__What to do__
In the records below, find the line containing "3224 Middle Easton" and repeat it and every line after it exactly, without pictures.

__Given data__
★ ★ ★ ★ ★ ★ ★

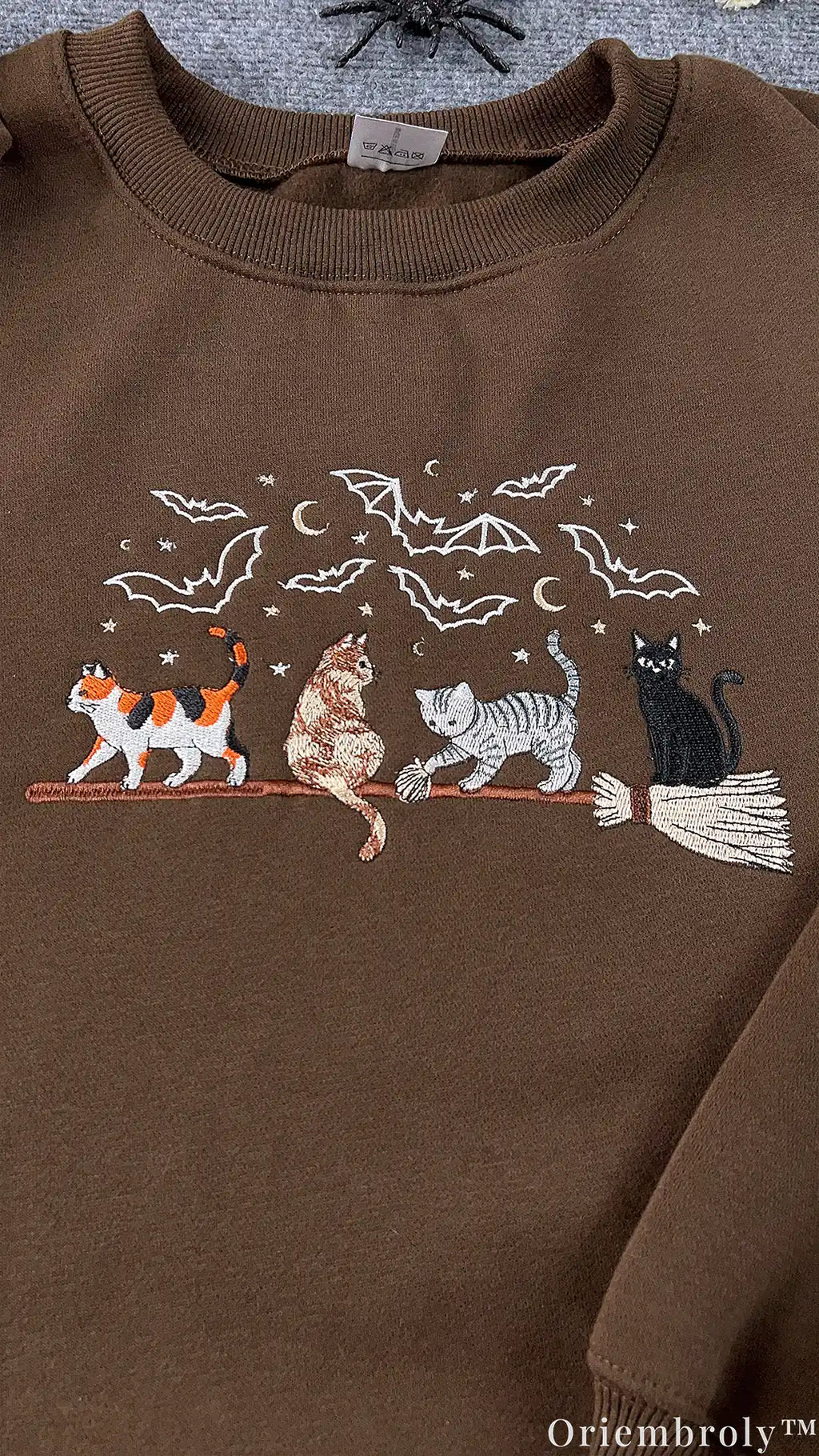 Detailed view of embroidered calico and black cats on a magic broomstick on a chocolate brown sweatshirt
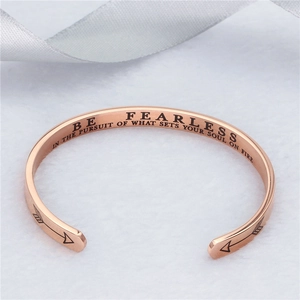Detail eines roségoldenen Armreifs mit motivierender Be Fearless Gravur und Pfeil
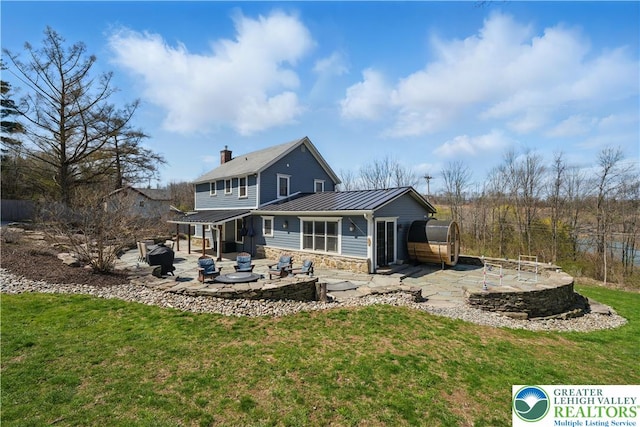 3224 Middle Easton Belmont Pike, Hamilton Twp, PA 18360 - back of property featuring a fire pit, a patio area, a standing seam roof, a metal roof, and a chimney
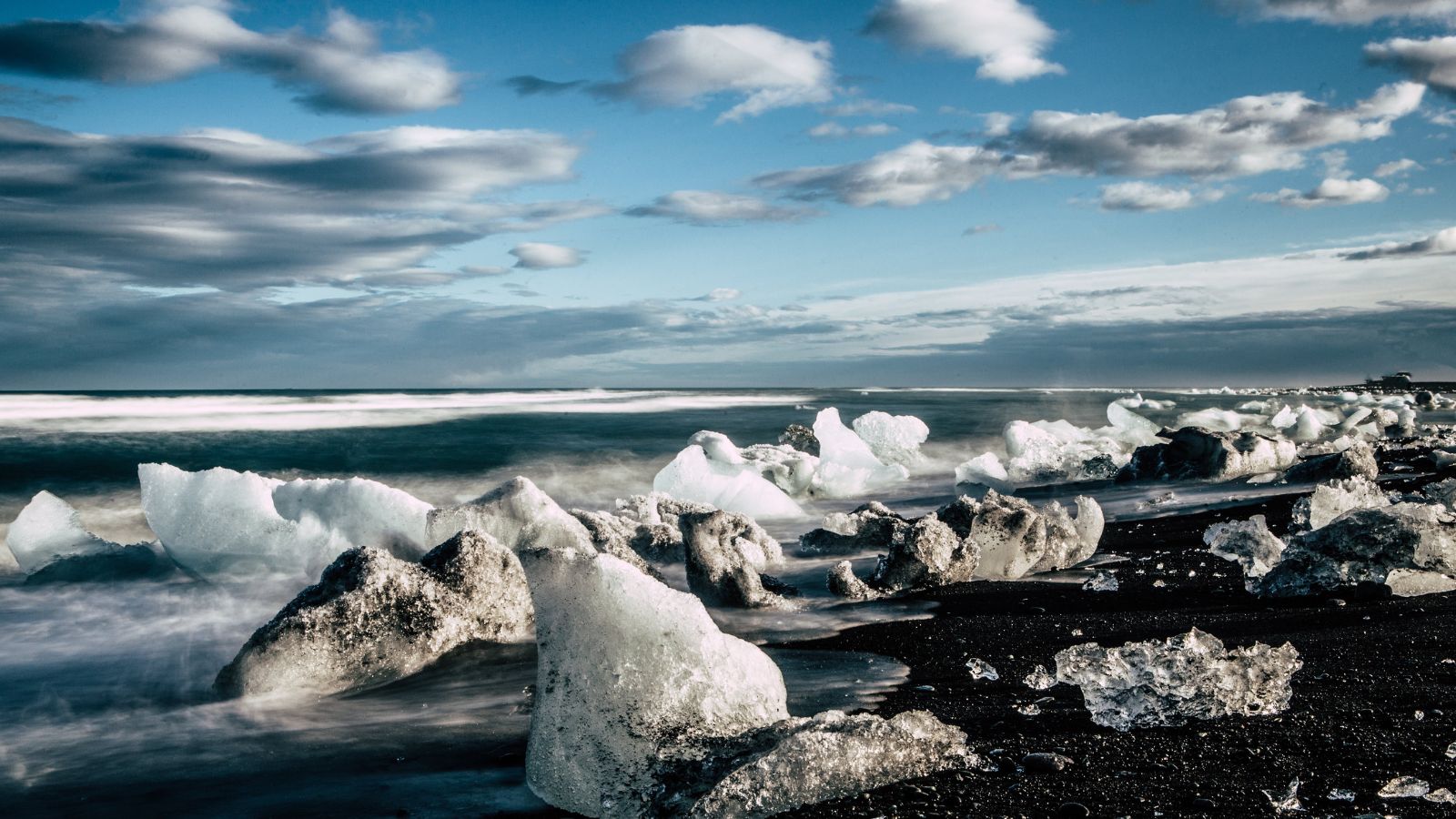 Diamond Beach in South Iceland beneath a blue sky with clouds. 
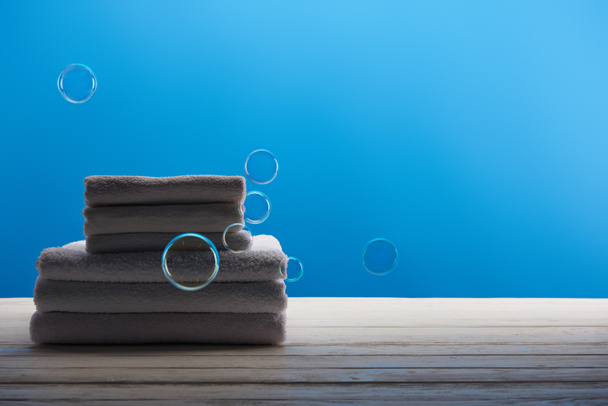 schone witte handdoeken en zeepbellen op blauwe achtergrond     - Foto, afbeelding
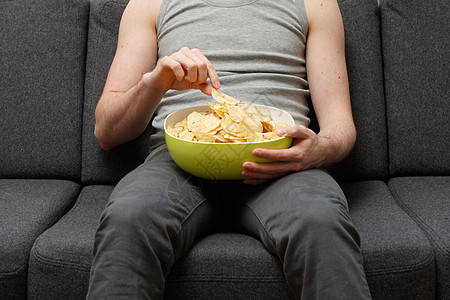 男人吃薯片土豆薯条电视椅子沙发手表零食食物长椅学生图片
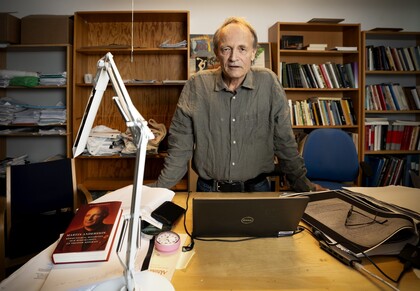 Person står vid ett skrivbord i ett kontor med böcker, papper och en laptop.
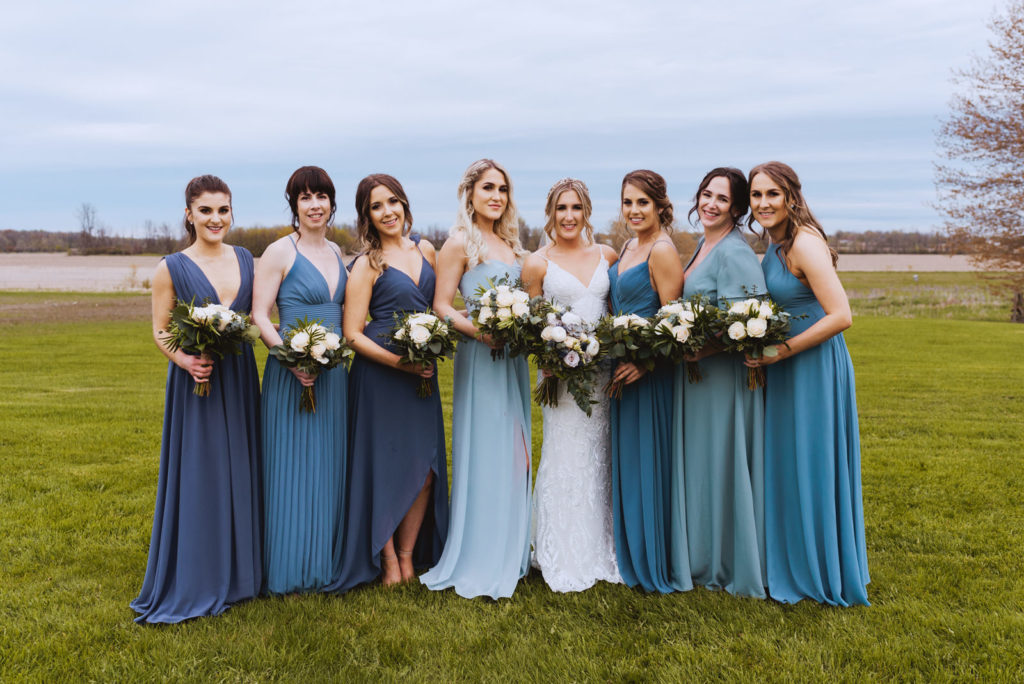 bride and bridesmaids wearing different shades of blue in the fields of strathmere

★ ★ ★ ★ ★ ★ ★

__Answer box__
 3224 Middle Easton Belmont Pike, Hamilton Twp, PA 18360 - back of property featuring a fire pit, a patio area, a standing seam roof, a metal roof, and a chimney
 Diamond Beach in South Iceland beneath a blue sky with clouds. 
 schone witte handdoeken en zeepbellen op blauwe achtergrond     - Foto, afbeelding
 男人吃薯片土豆薯条电视椅子沙发手表零食食物长椅学生图片
 Person står vid ett skrivbord i ett kontor med böcker, papper och en laptop.
 bride and bridesmaids wearing different shades of blue in the fields of strathmere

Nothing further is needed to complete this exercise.